At its Red Hat Summit conference today, Red Hat unveiled its Red Hat Developer Hub, a developer portal that provides access to an opinionated set of development tools based on the open source Backstage project.
The portal pulls together a set of curated tools and resources so that developers encounter less friction and avoid the complexity of numerous optional tools that span disparate vendors. The goal is to increase developer productivity while reducing the volume of optional tools and information that must be sifted through to actually deliver production code.
Red Hat Developer Hub aims to streamline the development process and allow organizations to maximize existing resources and developer skills while reducing sprawl, said Chris Wright, CTO and SVP for global engineering at Red Hat. This will help organizations maintain application development velocity and drive a consistent user experience for developers based on tools and skills they’re already familiar with, Wright told attendees.
Rather than building and maintaining their own internal developer portal, Red Hat is making a case for using Developer Hub to deliver a platform approach to addressing the complexity and sprawl DevOps teams face. Red Hat Developer Hub is, in essence, an opinionated and optimized version of Backstage that aims to deliver improved developer experiences across environments, including Kubernetes and container application platforms such as Red Hat OpenShift.

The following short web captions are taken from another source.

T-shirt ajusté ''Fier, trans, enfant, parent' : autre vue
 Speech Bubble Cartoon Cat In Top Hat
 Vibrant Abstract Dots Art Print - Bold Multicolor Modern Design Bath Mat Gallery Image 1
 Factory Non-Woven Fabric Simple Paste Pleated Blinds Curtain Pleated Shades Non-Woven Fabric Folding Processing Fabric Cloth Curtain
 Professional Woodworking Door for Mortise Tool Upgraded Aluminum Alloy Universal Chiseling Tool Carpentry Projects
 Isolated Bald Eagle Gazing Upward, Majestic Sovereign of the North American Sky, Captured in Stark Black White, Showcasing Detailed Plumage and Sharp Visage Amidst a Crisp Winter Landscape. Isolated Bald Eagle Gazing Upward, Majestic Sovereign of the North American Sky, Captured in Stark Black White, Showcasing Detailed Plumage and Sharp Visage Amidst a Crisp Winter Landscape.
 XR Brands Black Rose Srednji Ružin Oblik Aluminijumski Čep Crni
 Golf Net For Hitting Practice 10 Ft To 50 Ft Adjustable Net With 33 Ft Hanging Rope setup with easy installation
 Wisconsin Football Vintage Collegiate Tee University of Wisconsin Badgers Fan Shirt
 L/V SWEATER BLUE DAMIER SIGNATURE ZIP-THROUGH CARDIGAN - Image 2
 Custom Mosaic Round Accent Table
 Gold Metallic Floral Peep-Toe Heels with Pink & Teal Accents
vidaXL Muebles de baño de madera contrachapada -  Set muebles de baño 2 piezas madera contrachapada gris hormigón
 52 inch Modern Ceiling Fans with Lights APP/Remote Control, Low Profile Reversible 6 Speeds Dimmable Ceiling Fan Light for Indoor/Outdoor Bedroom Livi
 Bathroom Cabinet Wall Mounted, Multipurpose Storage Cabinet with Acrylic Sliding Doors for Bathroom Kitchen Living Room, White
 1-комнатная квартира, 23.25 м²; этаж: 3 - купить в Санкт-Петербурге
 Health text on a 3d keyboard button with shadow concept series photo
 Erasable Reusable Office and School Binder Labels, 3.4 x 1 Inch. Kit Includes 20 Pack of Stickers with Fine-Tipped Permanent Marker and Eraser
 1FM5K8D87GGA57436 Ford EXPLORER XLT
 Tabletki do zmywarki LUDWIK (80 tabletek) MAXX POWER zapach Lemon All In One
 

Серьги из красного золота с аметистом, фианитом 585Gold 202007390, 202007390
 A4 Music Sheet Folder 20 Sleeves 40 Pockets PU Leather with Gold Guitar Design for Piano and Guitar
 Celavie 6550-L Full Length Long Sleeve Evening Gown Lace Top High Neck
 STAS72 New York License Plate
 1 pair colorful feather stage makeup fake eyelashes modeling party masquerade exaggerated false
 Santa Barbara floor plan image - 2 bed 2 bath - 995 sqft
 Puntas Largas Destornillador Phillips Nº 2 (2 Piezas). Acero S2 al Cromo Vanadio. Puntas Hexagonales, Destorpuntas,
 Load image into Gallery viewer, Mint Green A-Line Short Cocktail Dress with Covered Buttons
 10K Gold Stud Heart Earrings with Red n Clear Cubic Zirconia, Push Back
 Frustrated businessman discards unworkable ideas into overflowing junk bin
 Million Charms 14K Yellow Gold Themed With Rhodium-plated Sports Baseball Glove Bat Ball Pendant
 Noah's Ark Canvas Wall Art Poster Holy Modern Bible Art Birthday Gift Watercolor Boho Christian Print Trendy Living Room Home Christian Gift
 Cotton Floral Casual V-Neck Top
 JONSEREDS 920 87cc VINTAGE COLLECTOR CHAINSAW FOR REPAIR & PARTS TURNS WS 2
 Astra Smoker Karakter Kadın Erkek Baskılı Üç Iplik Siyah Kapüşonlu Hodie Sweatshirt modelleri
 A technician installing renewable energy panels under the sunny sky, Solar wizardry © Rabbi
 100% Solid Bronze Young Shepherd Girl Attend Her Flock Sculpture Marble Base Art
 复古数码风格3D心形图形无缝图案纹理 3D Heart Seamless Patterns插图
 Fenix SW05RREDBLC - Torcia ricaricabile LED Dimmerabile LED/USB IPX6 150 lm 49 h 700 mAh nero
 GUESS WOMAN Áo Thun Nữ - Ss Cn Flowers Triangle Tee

Developer Hub will offer a single pane of glass to view all available developer tools and resources, developer self-service capabilities and security and compliance guardrails for cloud-native application development that comply with enterprise-wide best practices, according to the company.
Additionally, Red Hat Developer Hub includes a set of ‘golden path’ templates—pre-defined, pre-architected and supported templates for further accelerating application development.
The developer hub is based on the Cloud Native Computing Foundation (CNCF) incubating open source project Backstage, originally developed by Spotify and donated to the CNCF in 2020. Backstage is now being advanced by contributions from multiple vendors, including Red Hat.
Backstage has been gaining traction in cloud-native application environments that are especially challenging to develop using multiple tools. There’s a lot more focus on developer productivity, which Backstage addresses by creating a catalog of blueprints that developers can readily consume rather than requiring them to build these capabilities themselves multiple times over. The goal is to create scaffolds that developers can consistently reuse across multiple application development projects.
Red Hat has also developed Red Hat Plug-ins for Backstage, a bundle of six plug-ins that integrate various key systems into Backstage, helping to extend the project’s functionality, ensure a consistent user experience and improve workflow efficiency. The plugins can be used across all Backstage installations, providing even more flexibility for developers across platforms and Kubernetes distributions and include:
- Application Topology for Kubernetes, which enables developers to visualize real-time status of application and infrastructure workloads deployed to any Kubernetes target, including Red Hat OpenShift, with greater consistency.
- Multi-Cluster View with Open Cluster Manager (OCM), which provides a view into clusters from Open Cluster Manager’s MultiClusterHub and MultiCluster Engine in Backstage.
- Container Image Registry for Quay, which improves the integration and speed of interactions with Quay registries by providing a view into container image details. This includes security vulnerabilities (CVEs) associated with deployed images.
- Pipelines with Tekton, which gives users a view into the details of all Tekton pipeline runs and their respective statuses across all services.
- Authentication and Authorization with Keycloak, which enables platform engineers to load users and groups from Keycloak into Backstage, allowing the use of multiple authentication providers to be applied to Backstage entities.
- GitOps with Argo CD, which helps track the health and status of the Argo CD status for services within Backstage.
Red Hat said additional plugins are in the works. Red Hat Developer Hub will be generally available later this year, but Red Hat is offering a ‘test drive’ through the upstream IDP project Janus.